> **Work order**
Copy exactly the lines from the start of the material through the line with "Next question: a". Pictures stay out of the copy.

> **Data below**

*** Begin section ***

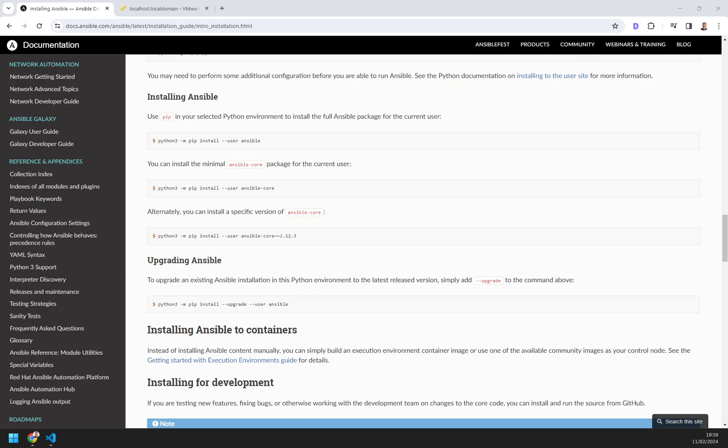Hello, welcome to a quick video in which I'm going to show you how to install the latest version of Ansible on Ubuntu 22.04.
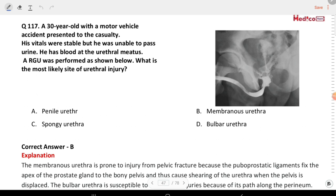Next question: a 30-year-old involved in a motor vehicle accident presented to casualty. His vitals are stable but he was unable to pass urine. There is blood at the urethral meatus. RGU was performed as shown. What is the most likely urethral injury? Options are penile urethra, membranous urethra, spongy urethra, and bulbar urethra. The correct answer is membranous urethra.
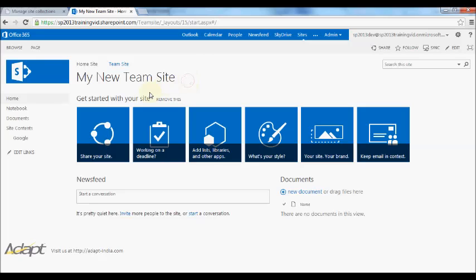So first of all, you'll see I've just created this site here, my new team site, and the first thing that's been done is a page has been created for me called Start.aspx, and this is my home page.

*** End section ***

> **Answer space**
Hello, welcome to a quick video in which I'm going to show you how to install the latest version of Ansible on Ubuntu 22.04.
Next question: a 30-year-old involved in a motor vehicle accident presented to casualty. His vitals are stable but he was unable to pass urine. There is blood at the urethral meatus. RGU was performed as shown. What is the most likely urethral injury? Options are penile urethra, membranous urethra, spongy urethra, and bulbar urethra. The correct answer is membranous urethra.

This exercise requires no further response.